Türkiye o tarihte aptallıktan başka herhangi bir şekilde tanımlanamayacak olan bir politikayı seçti. Bu fırtınayı blöfle atlatabileceğini düşündü. Körlemesine inkâr yolunu seçti. Bu fikrin mimarları kimdi? Önde görünen isimler Coşkun Kırca, Gündüz Aktan gibi Dışişleri Bakanlığı görevlileridir. Arka plandaki isim tahmin ediyorum Kamuran İnan’dır. Onun da arkasında kim vardır Allah bilir, ilk aklınıza gelen mihraklar olmayabilir. İnkar politikasını bunlar oluşturdu. Büyük bir yaygara ile, böyle bir şey olmamıştır politikasına saplandı Türkiye. Ve bir kere o çizgiye girince bir daha da geri adım atamadı.

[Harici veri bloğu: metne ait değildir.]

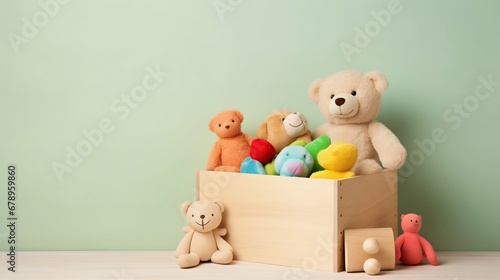 Treasure Trove of Joy: A Toy Box Overflowing with Children's Toys. Generative ai © Scrudje
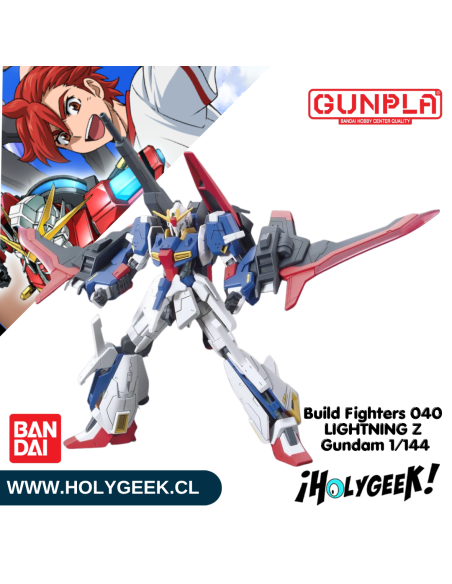"Figura articulada y ensamblada del Lightning Z Gundam mostrando sus accesorios y diseño aerodinámico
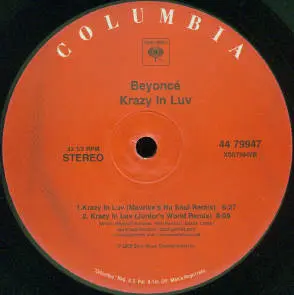 Beyoncé - Krazy In Luv, Electronic, Funk / Soul, Contemporary R&B, House, 2003 - Columbia, US, Vinyl 1x 12", 33 ⅓ RPM, Single
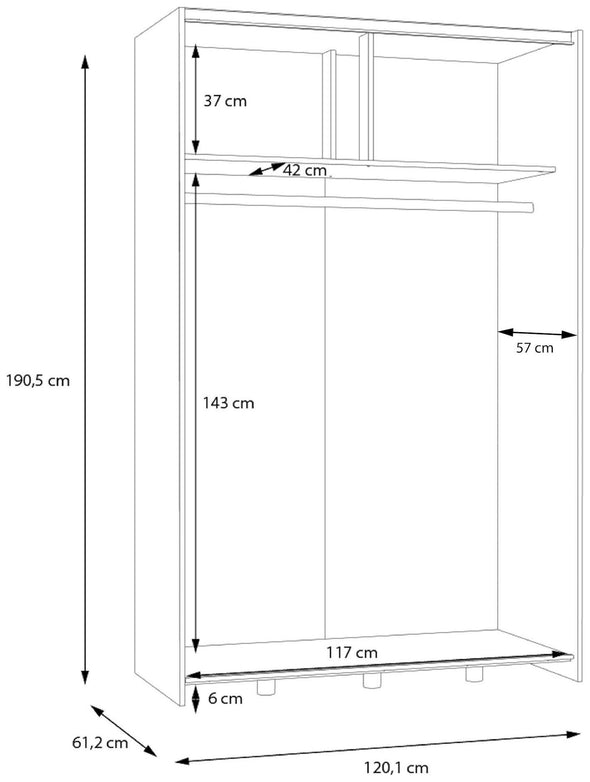 Dulap de dormitor Forte cu 2 uși glisante alb, 120 cm lățime - LunaHome.ro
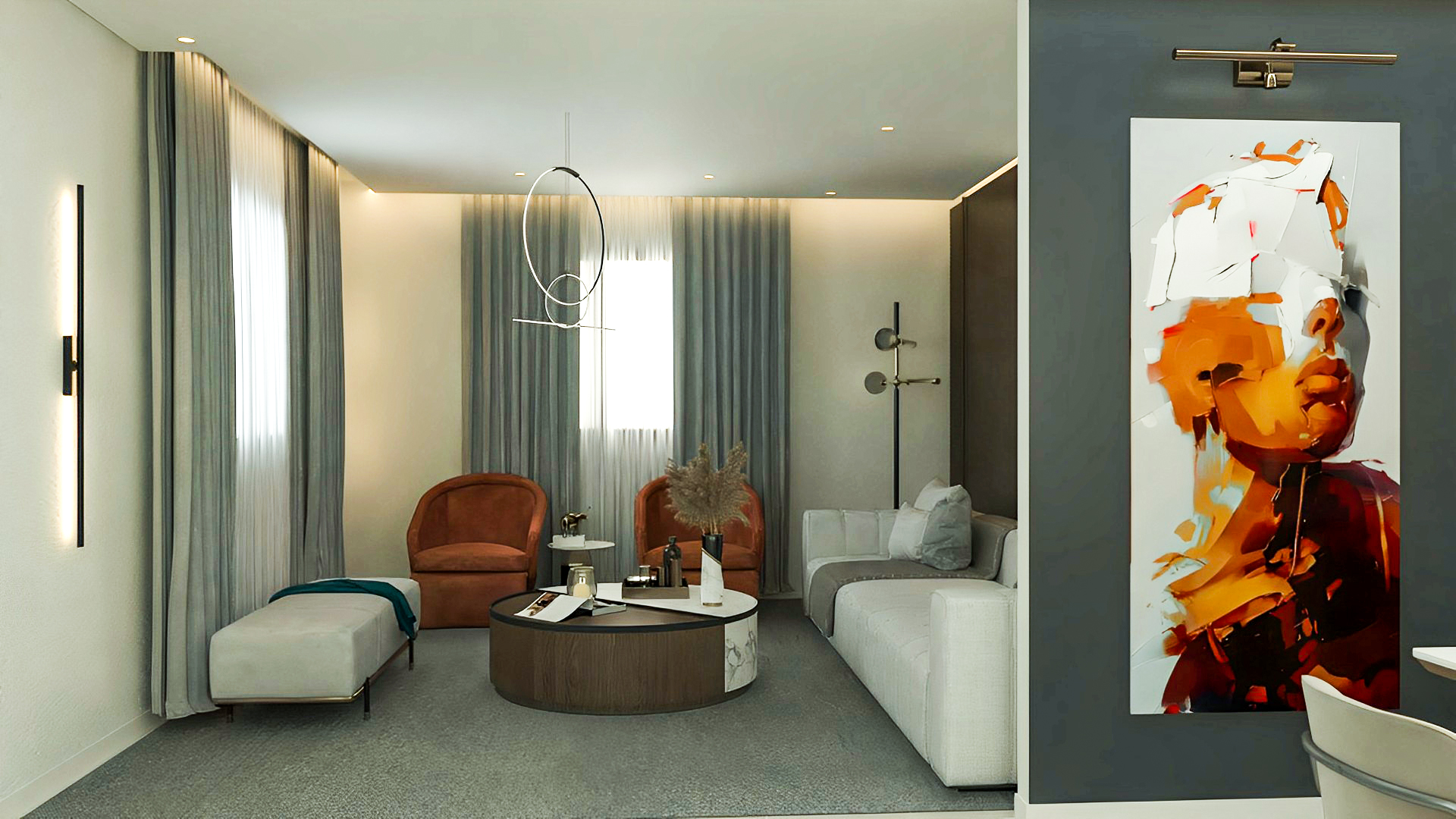 Living room design in neoclassical style-7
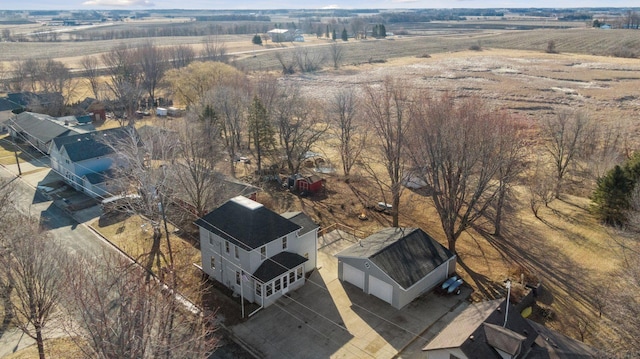 drone / aerial view with a rural view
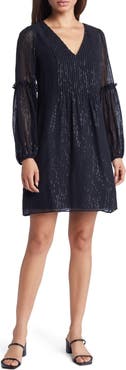 Lilly Pulitzer® Cleme Long Sleeve Metallic Silk Dress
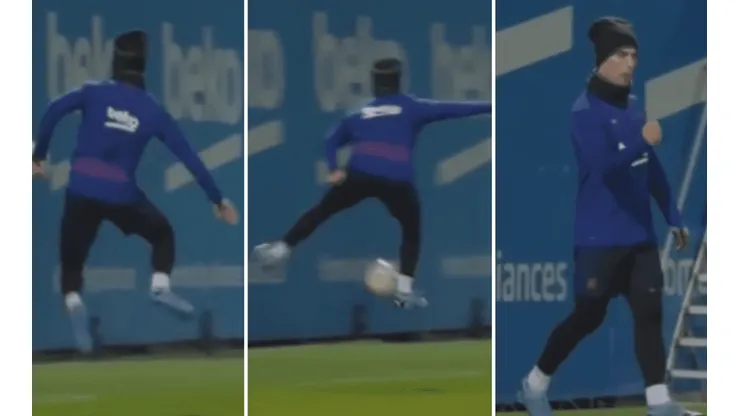 Suárez demostró su calidad definiendo de taco en la aire durante la práctica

Oysa daha 1975’te bunun fiyaskoyla sonuçlanacak bir politika olduğu belliydi. Çünkü Türkiye 1974’ten sonra, düne dek kendisini koruyan, kollayan ve pohpohlayan Batı dünyasında birdenbire irtifa kaybetti. Kıbrıs hadisesi çok ağır bir travmaydı ve bu travmadan sonra Türkiye’nin Batı ile ilişkileri bir daha dikiş tutmadı. Amerika’da, Fransa’da, İngiltere’de Türkiye aleyhine bir rüzgar esmeye başladı. Ve böyle bir ortamda Türkiye’nin, bütün dünyanın bildiği bir geçmişteki suçu inkar etme tavrı, bu yüzsüzlüğü, bütün dünyanın işine geldi. Türkiye’yi dürtüklemek için, Türkiye’nin canını yakmak için enfes bir gerekçe yaratılmış oldu.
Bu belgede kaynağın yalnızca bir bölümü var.